Congress enacted the 2006 Military Personnel Financial Services Protection Act (“Military Act”), which amended Section 15A(b) of the Exchange Act by requiring self-regulatory organizations (“SROs”), including FINRA, to adopt certain rules governing the offer and sale of securities on the premises of any military installation to members of the U.S. Armed Forces or their dependents. The Military Act was aimed at protecting members of the military and their families from unscrupulous sales of insurance, financial and investment products.
On April 23, 2015, FINRA proposed Rule 2272 to implement the Military Act requirements and the SEC published the notice to solicit comments on the proposal on May 6, 2015. Comments are due on or before June 2, 2015.Proposed Rule 2272 would require:
- Disclosure: The member shall clearly and conspicuously disclose in writing, which may be electronic, to such potential investor prior to engaging in sales or offers of sales of securities to such investor: (1) the identity of the member offering the securities; (2) that the securities offered are not being offered or provided by the member on behalf of the federal government; and (3) that the offer of such securities is not sanctioned, recommended or encouraged by the federal government. Electronic delivery of the disclosures required by proposed rule must be consistent with SEC guidance on the use of electronic media to satisfy delivery obligations which, among other things, requires affirmative consent of the customer for delivery of certain documents.
- Suitability: Proposed Rule 2272 incorporates the suitability obligations under FINRA’s suitability rule, Rule 2111. As noted in the proposing release, “FINRA believes that the suitability obligations imposed by Rule 2111 satisfy the statutory requirement that FINRA adopt rules requiring its members to perform an appropriate suitability determination, including consideration of costs and knowledge about securities, prior to making a recommendation.”

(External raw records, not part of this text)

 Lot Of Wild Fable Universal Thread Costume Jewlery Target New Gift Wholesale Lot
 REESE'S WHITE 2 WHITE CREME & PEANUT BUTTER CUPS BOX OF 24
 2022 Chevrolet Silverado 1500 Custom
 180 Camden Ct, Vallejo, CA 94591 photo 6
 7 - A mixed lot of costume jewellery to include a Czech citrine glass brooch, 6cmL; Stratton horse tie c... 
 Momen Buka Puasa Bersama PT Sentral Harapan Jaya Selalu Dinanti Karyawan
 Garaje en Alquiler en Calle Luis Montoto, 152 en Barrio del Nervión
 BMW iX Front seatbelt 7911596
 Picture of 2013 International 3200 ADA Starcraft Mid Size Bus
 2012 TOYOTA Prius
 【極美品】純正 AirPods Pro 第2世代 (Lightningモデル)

- Referral Fee Restrictions: No member shall cause a person to receive a referral fee or incentive compensation in connection with sales or offers of sales of securities on the premises of a military installation with any member of the U.S. Armed Forces or a dependent thereof, unless such person is an associated person of a registered broker-dealer who is appropriately qualified consistent with FINRA rules, and the payment complies with applicable federal securities laws and FINRA rules.

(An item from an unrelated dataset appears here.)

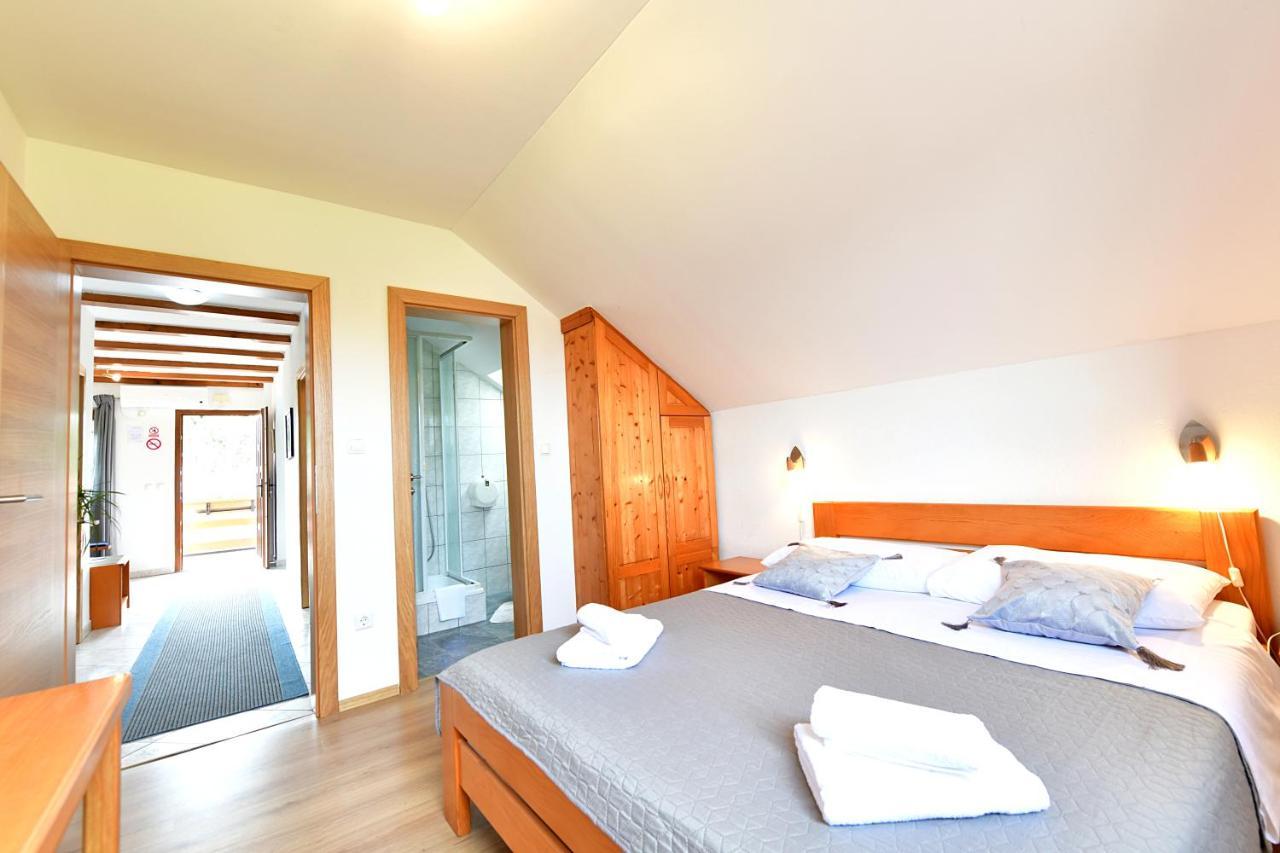 Guest House Family Dukic Раковица Екстериор снимка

Three Takeaways from Proposed Rule 2272
One: This overall proposal is not controversial because it is implementing Congressionally mandated requirements that are already laid out in the amendments to the Exchange Act and some of the requirements basically already existed, including suitability protections. However, there are new obligations that firms will need to include in amendments to supervisory procedures and disclosure documents. Further, once the rules are adopted and go into effect, FINRA will be examining for implementation and compliance.
Two: FINRA states that they “will read with interest comments as to whether proposed Rule 2272 should be broadened to apply to sales or offers of sales of securities both on and off the premises of a military installation to any member of the U.S. Armed Forces or a dependent thereof.” (Rel. 34-74890, at p. 5, emphasis added.) This would create a broader obligation than required by the Military Act and the amendments to the Exchange Act. Those with opinions and perspectives on this issue should be aware of the June 2ndcomment deadline and make their views known for the regulators to consider.

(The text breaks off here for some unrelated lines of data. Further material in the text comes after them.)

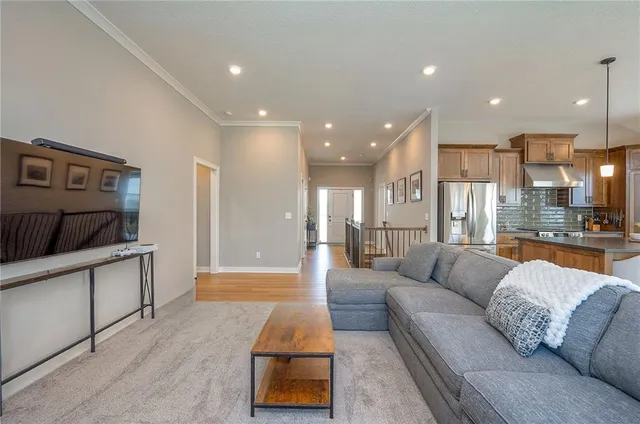 $489,500 | 18808 South Skyview Lane, Spring Hill, KS 66083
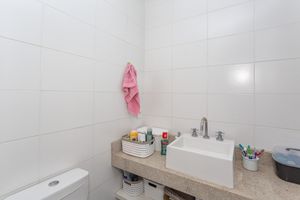 Image 11 - 824073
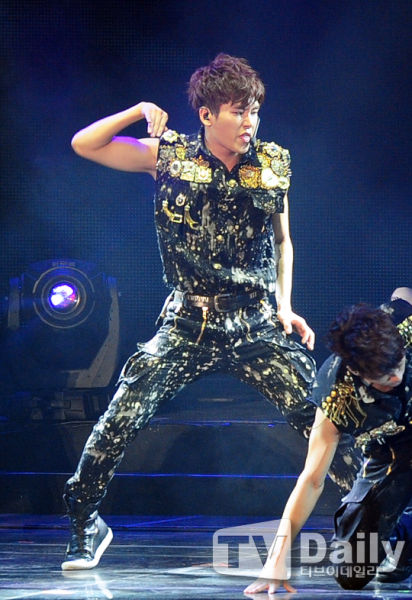 infinite成员hoya新浪娱乐讯 韩国男子组合infinite成员hoya战胜笑星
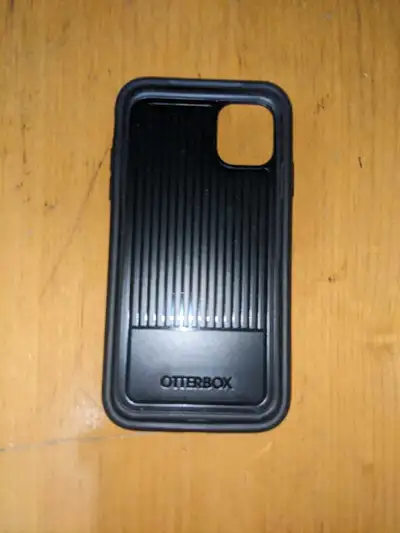 Otterbox iphone11, View more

Three: FINRA states there will be increased costs to broker-dealers due to the additional disclosure requirements and associated requirements to ensure that supervisory policies and procedures are adopted and implemented. FINRA notes, however, that the additional disclosures may be provided at the same time that other mandated disclosures occur. This will help mitigate any additional costs. (Rel. 34-74890, at p. 7.)